Regarding the lipid profile, the analysis was carried out blind to the subject status. Whole blood and purified erythrocyte (RBC) cell membranes were used for lipid assessment.
RBCs were separated from plasma by centrifugation and stored at −70°C until used for analysis. Cell membranes of RBC (ghosts) were prepared by lysis with hypotonic buffer (phosphate 5 mM pH 8, EDTA 0. 5 mM) and washed several times to eliminate haemoglobin residues.
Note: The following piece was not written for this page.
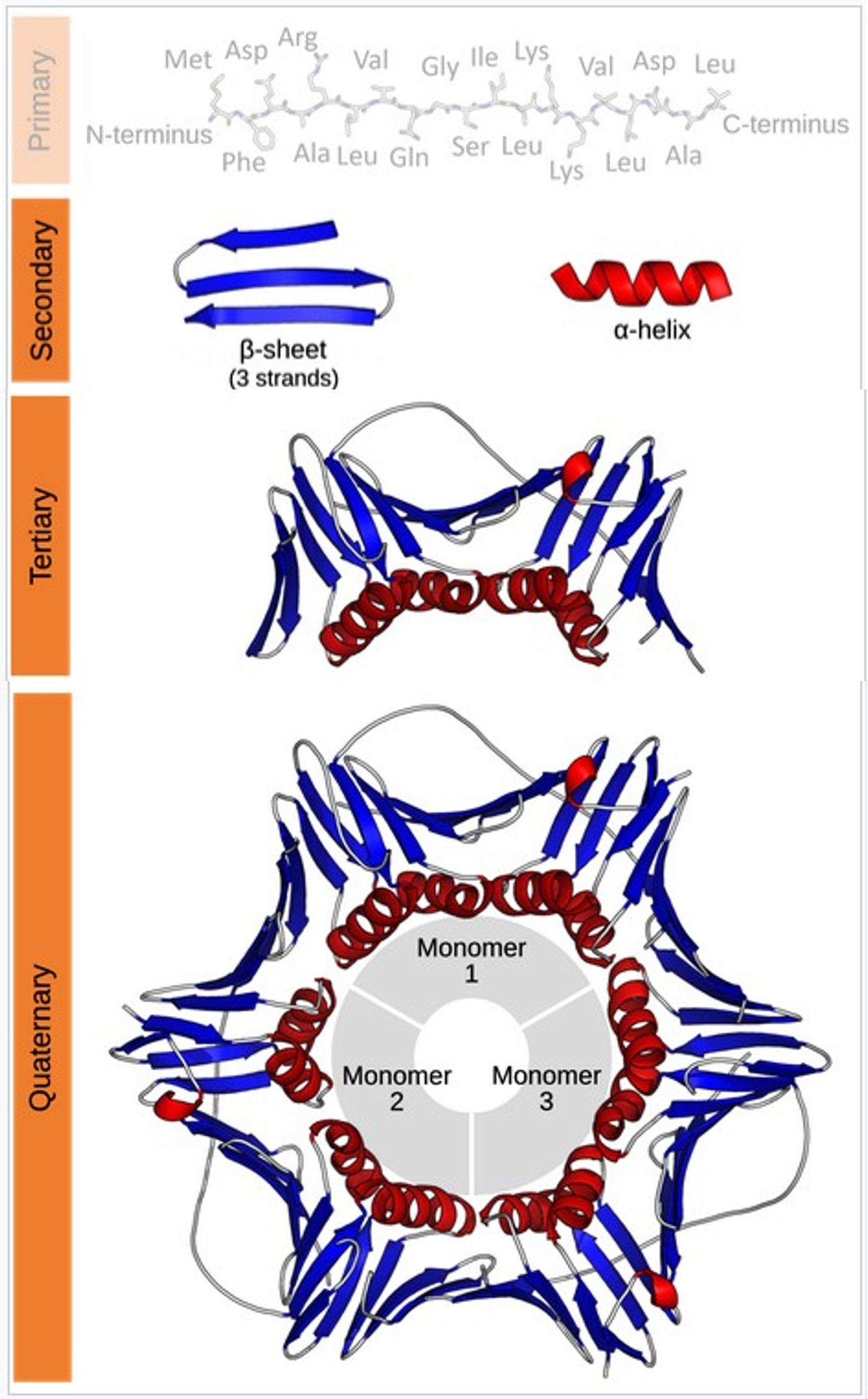 Hierarchy of protein structural organization from primary to quaternary structure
Ghost lipids were extracted with chloroform/methanol according to Folch  and fractionated by silicic acid chromatography (200–400 mesh BIORAD) into non polar lipids, glycolipids and phospholipids Red blood cell membrane phospholipids were analyzed by quantitative thin-layer chromatography to identify each species .
Each phospholipid species (Phosphatidyl-ethanolamine, PE; Phosphatidyl-inositols, PI; Phosphatidyl-serine, PS; Phosphatidyl-choline, PC; Sphingomyelin, SM) was further purified by HPLC-ELSD as previously described .
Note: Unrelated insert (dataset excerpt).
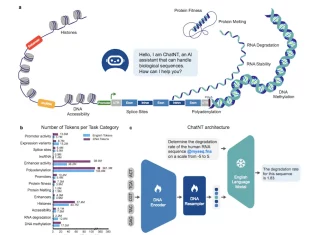 Unveiling ChatNT: The Conversational AI Revolutionizing How We Explore DNA, RNA & Proteins Unveiling ChatNT: The Conversational AI Revolutionizing How We Explore DNA, RNA & Proteins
Fatty acid composition of whole blood, total RBC membrane phospholipids and of each phospholipid species purified form RBC membrane was determined by gas-chromatographic analysis. Whole blood was directly derivatized without any further purification.
The fatty acid methylesters were obtained after derivatization with sodium methoxide in methanol 3.33% w/v and injected into gas chromatograph (Agilent Technologies 6850 Series II) equipped with a flame ionization detector (FID) under the following experimental conditions: capillary column: AT Silar length 30 m, film thickness 0.25 μm. Gas carrier: helium, temperature: injector 250°C, detector 275°C, oven 50°C for 2 min, rate of 10°C min-1 until 200°C for 20 min. A standard mixture containing methyl ester fatty acids was injected for calibration.
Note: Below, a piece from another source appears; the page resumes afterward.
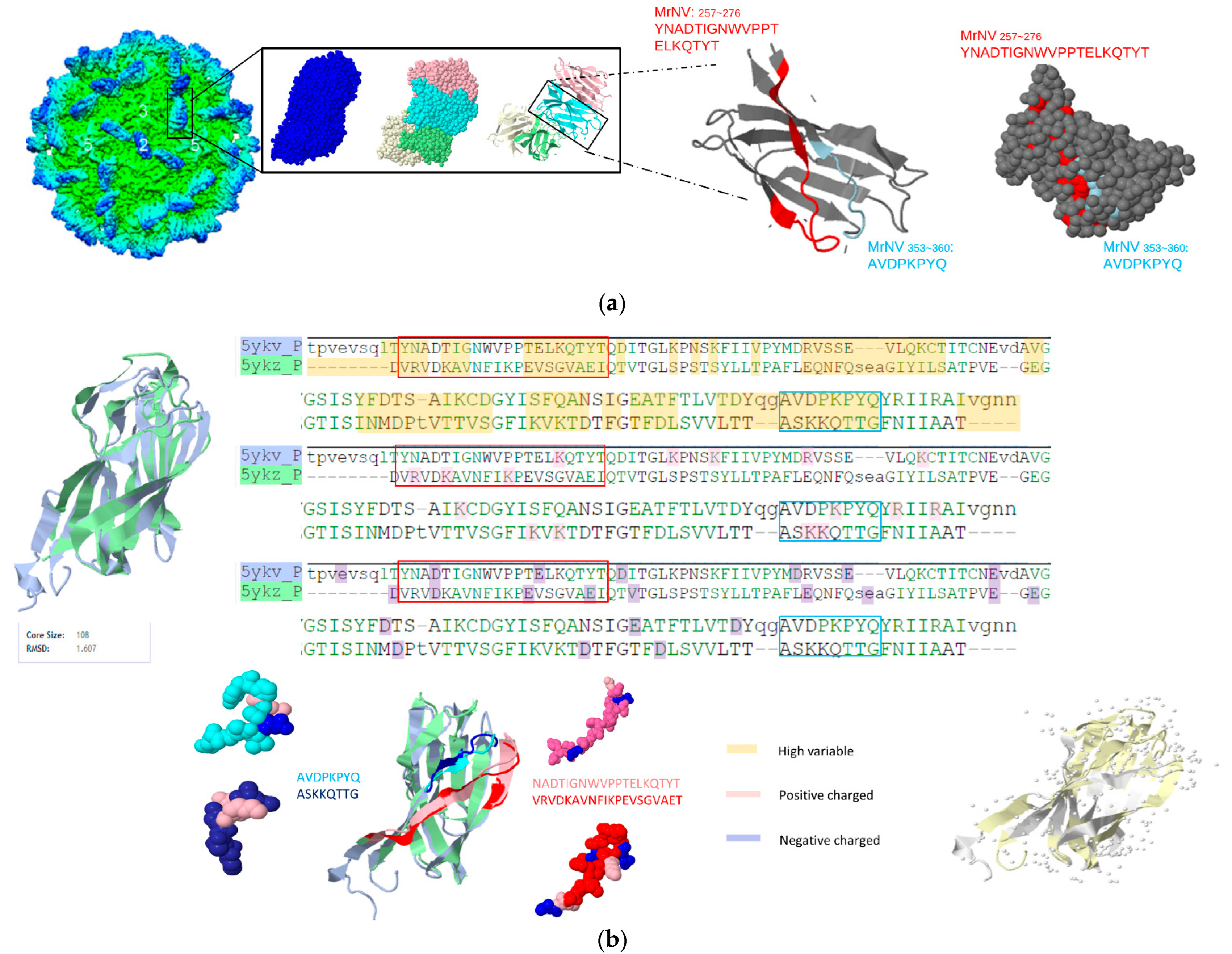 Viruses 14 01357 g004 Viruses 14 01357 g004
The sample size was computed on the basis of the primary end-point of the study (i.e. Geriatric Depression Scale, GDS). To detect a 20% difference in the GDS between the n-3 PUFA and the placebo groups, with an SD of the GDS equal to 4, a minimum of 23 subjects per group were needed, with alpha=0.05 and beta=0.2. Data were analysed through the use of the statistical software package SAS version 9.1 (Cary, NC, USA). To compare depressed and non depressed subjects, as well as post-treatment to baseline values, we used Student’s paired t-test or Wilcoxon signed-rank test, according to the result of the normality test. Similarly, to compare baseline values and changes from baseline between treatment and placebo groups, we used unpaired t-tests or Wilcoxon rank sum test. Normality was assessed using the Shapiro-Wilk test. Correlations between changes from baseline in GDS and AA/EPA, with a number of anthropometric, nutritional and biological covariates were tested by calculating the Spearman rank-order correlation coefficients. P-values <0.05 were considered to be statistically significant.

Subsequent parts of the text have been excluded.